The root of those questions is lack of confidence in your own senses, your own knowing, and your own truth.
What Beth tells new bakers is this: you will just know.
You will know by the way the house suddenly smells like freshly baked bread — not almost-baked bread but bread at its prime moment of done-ness. And the more you bake, the more you will be able to pinpoint this moment of transformation when the dough ceases to be the sum of its part and becomes, instead, bread.
The same is true of your book. You will just know. And the more you write, the more you will come to pinpoint when all the words and sentence and paragraphs transform into the book you wanted to write.

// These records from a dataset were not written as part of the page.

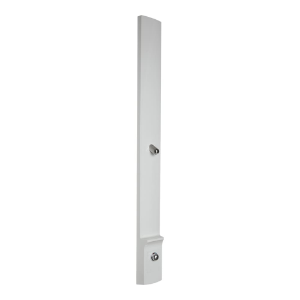 Picture of Laufen Armaturen - Duschpanel AP für Kalt- oder Mischwasser, Anschluss 1/2", Zuleitung 1/2" von der Decke, weiss , Art.Nr. : HF770341101000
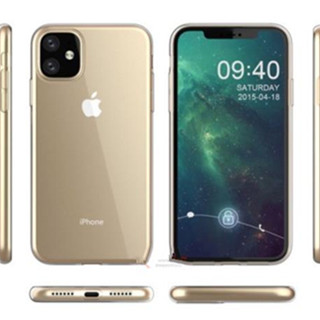 iPhone XR 2019新渲染图曝光：另一种配色方案？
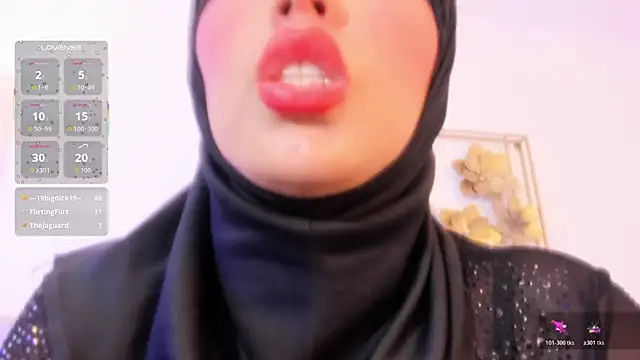 hanajameela webcam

I was recently speaking with KJ Dell’Antonia, a seasoned author and long-time writer and editor for the New York Times’ Motherlode column, about her work-in-progress (about which I shall say nothing just now…) KJ had been working and working and working on the book, revising and thinking and tweaking and changing, and then there came a moment when she just knew it was time to be done and send it out to her agent.
How did she know it was ready?
She said, “It’s good enough.”
As a pro, she just knows — and she knows that there is a whole process a finished manuscript goes through before it becomes a book. In a traditional publishing model, agents and editors and copyeditors and proofreaders will still work on it and in a self-publishing model, you will have copyeditors and proofreaders.
The goal is to get it to the “good enough” point — and then let it go.
The goal is not perfection — because there can be no such thing in bread or in books. They are both living, breathing works of art.
For first-time writers, knowing where the “good enough” point is can be difficult. I came up with a simple three-part “Is it Good Enough?” test that writers can use to determine if their manuscript is ready for the world. It goes like this:
The “Is it Good Enough?” Test
1. Do you love what you have written? It’s hard to ask anyone else to love it if you yourself don’t love it first. You may get to a place where you are tired of your manuscript, or itching to start the next project, or just done after years of putting in time and effort — but that’s different from the love. You need to love what you have written.
2. Can you identify the kinds of readers who might love what you have written, and do you know why they might love it? Your book is not going to appeal to everyone, and that’s fine. But knowing who your target audience is and what they might be coming to your book for — education or entertainment or solace or solidarity — is critical to its success in a crowded marketplace. You don’t have to write to the market, but I believe that you do have to write to some specific kind of person or group of people, and you have to know what they need. If you can give it to them, your book will be well received. Being able to identify these readers and articulate how you will serve them is a good indication that your manuscript is good enough.
3. Have you had trusted readers give you honest feedback? Like an electrical current, writers need readers to close the loop. In order to make sure the connection is working, you need to seek out honest critical feedback from trusted allies, and then you need to measure that feedback against your own vision and instincts. It’s a powerful step in the writing process — to test the product and see how it works in the field. This is the step where a professional like a book coach can add huge value, but you can also do this with beta readers, writer friends, and trusted laypeople. Just make sure you are open to hearing what they are saying and ask for truly honest feedback. Once you hear that feedback and address it, your manuscript is probably good enough.